■ Directions for this task
Whatever comes before the line containing "Czarne rajstopy damskie 30 DEN Ryłko" stays out; transcribe that line and all that follow to the end of the records exactly, with no pictures.

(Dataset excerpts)
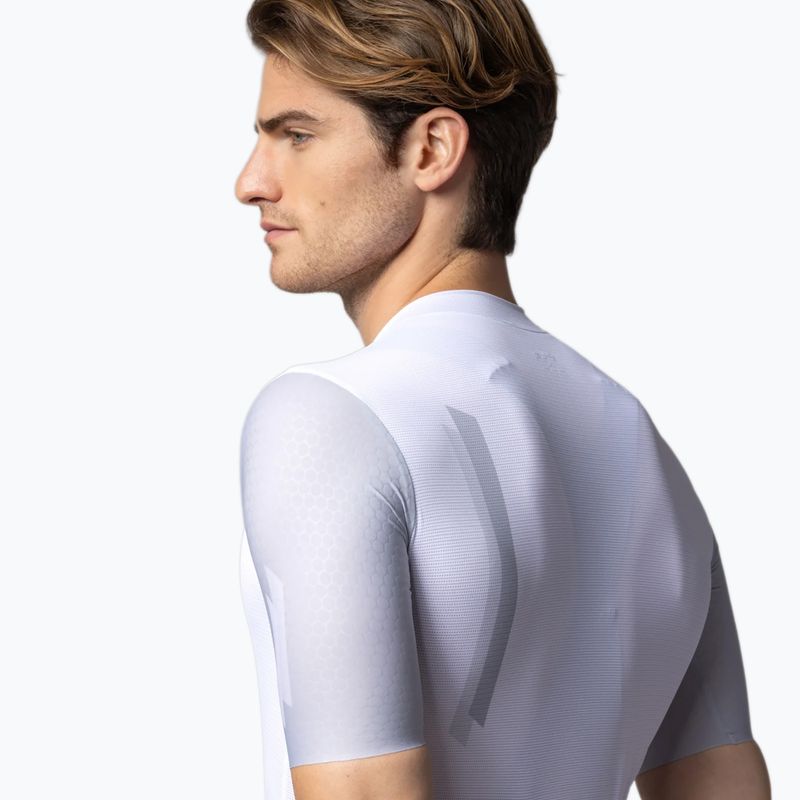 Koszulka rowerowa męska Alé Follow Me white 4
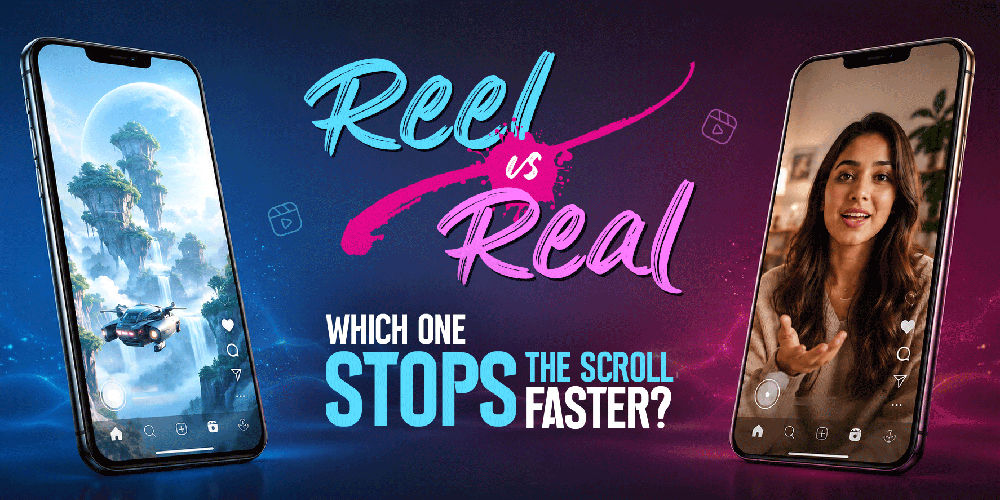 Real vs AI Reels: Which One Stops the Scroll Faster?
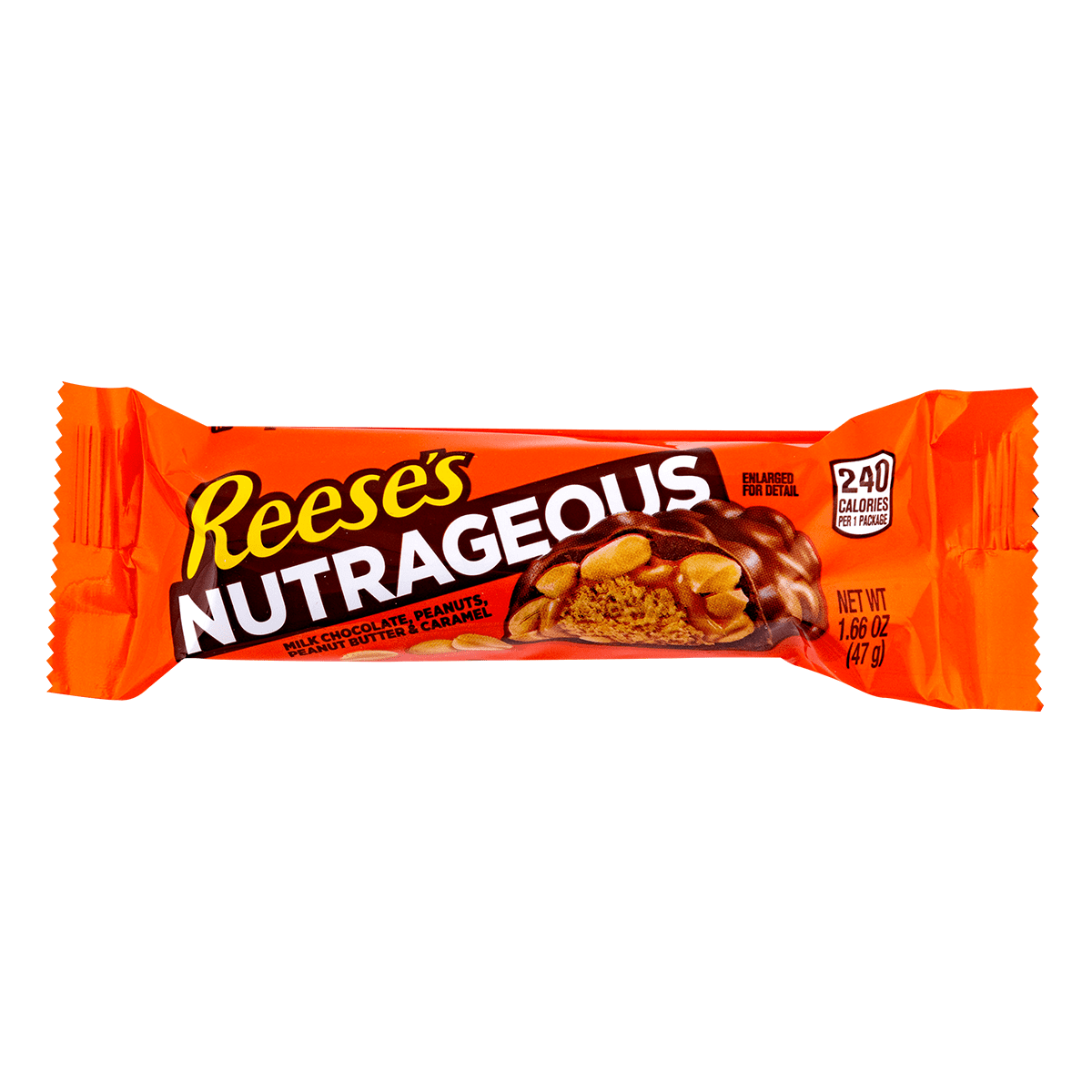Reese’s Nutrageous Milk Chocolate Peanuts Peanut Butter & Caramel - 47g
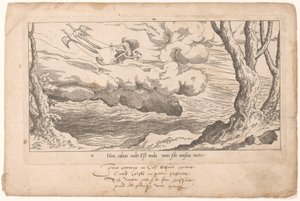 Juno in haar strijdwagen keert terug naar Olympus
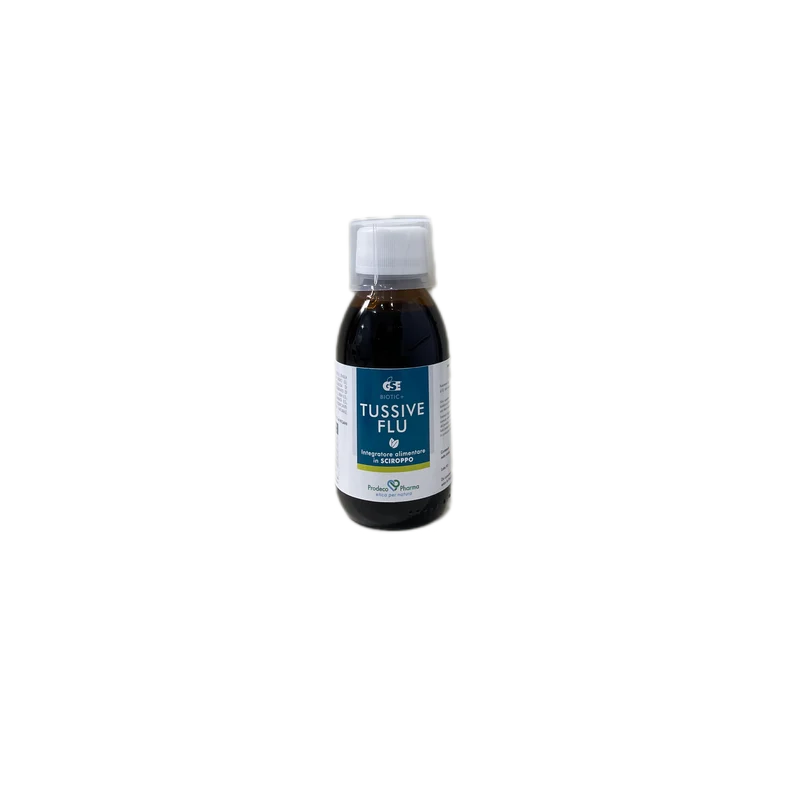 GSE Tussive Flu Integratore Alimentare Gola Sciroppo 120 ml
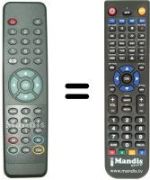 Replacement remote control JEPSSEN REMCON013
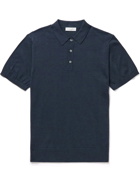 RICHARD JAMES - Cotton Polo Shirt - Blue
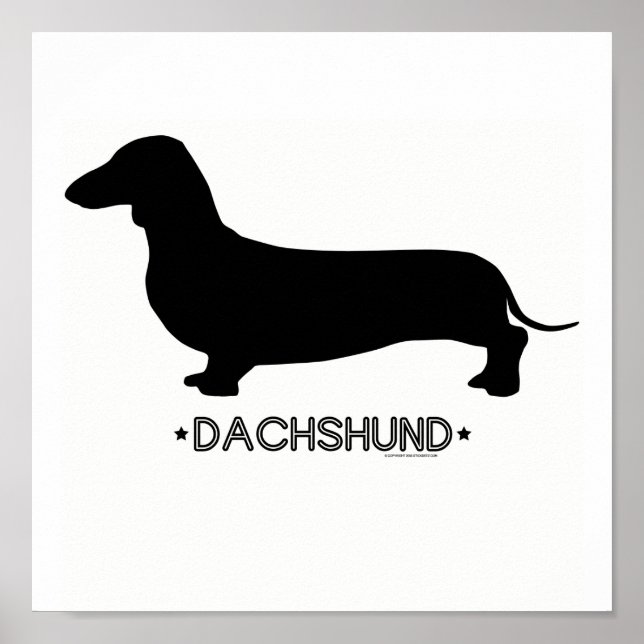 Impresión de Dachshund (Frente)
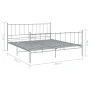 Graues Metallbettgestell 200x200 cm von vidaXL, Betten und Lattenroste - Ref: Foro24-324966, Preis: 94,46 €, Rabatt: %
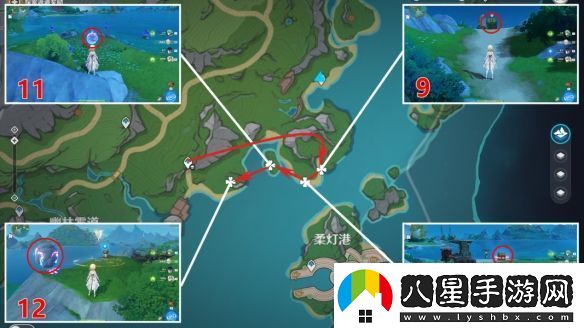 原神莫爾泰區奇饋寶箱全收集攻略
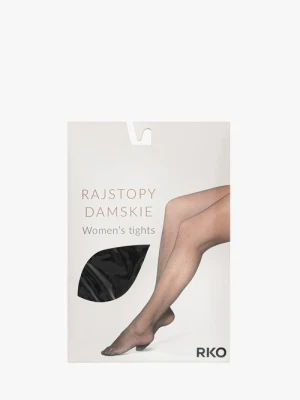 Czarne rajstopy damskie 30 DEN Ryłko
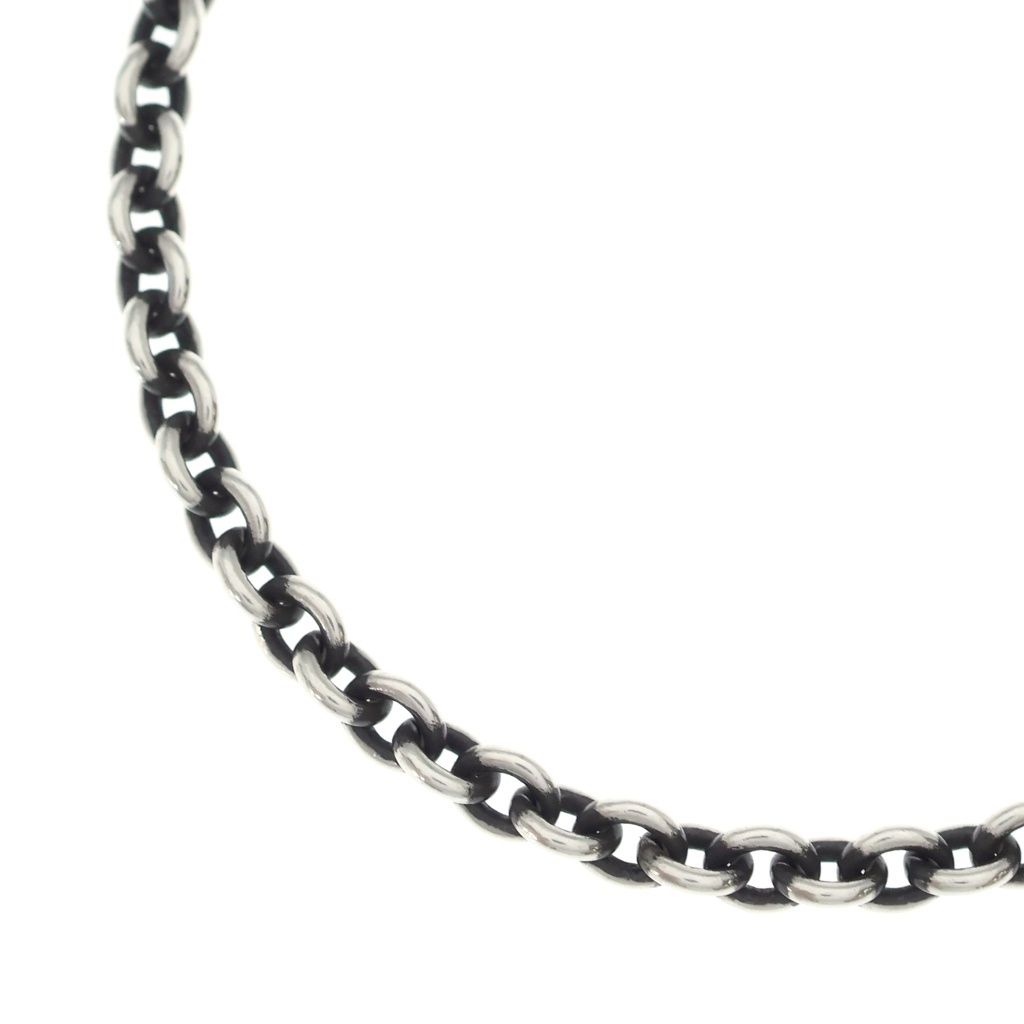CHROME HEARTS (クロムハーツ) NE CHAIN 18 NEチェーンネックレス 18inch シルバー BCA079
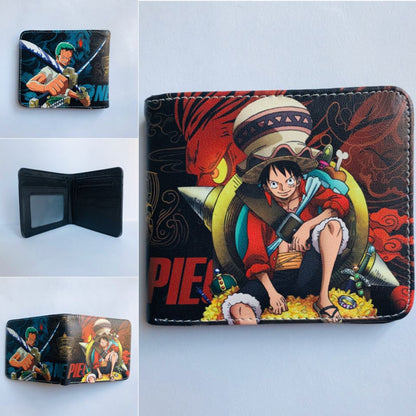 Anime One Piece Short Unisex Leather Ladies Wallets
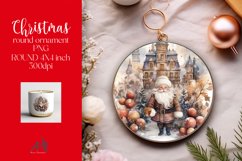 Christmas Round Ornament Sublimation PNG Product Image 1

■ Finished task
 Czarne rajstopy damskie 30 DEN Ryłko
CHROME HEARTS (クロムハーツ) NE CHAIN 18 NEチェーンネックレス 18inch シルバー BCA079
 Anime One Piece Short Unisex Leather Ladies Wallets
 Christmas Round Ornament Sublimation PNG Product Image 1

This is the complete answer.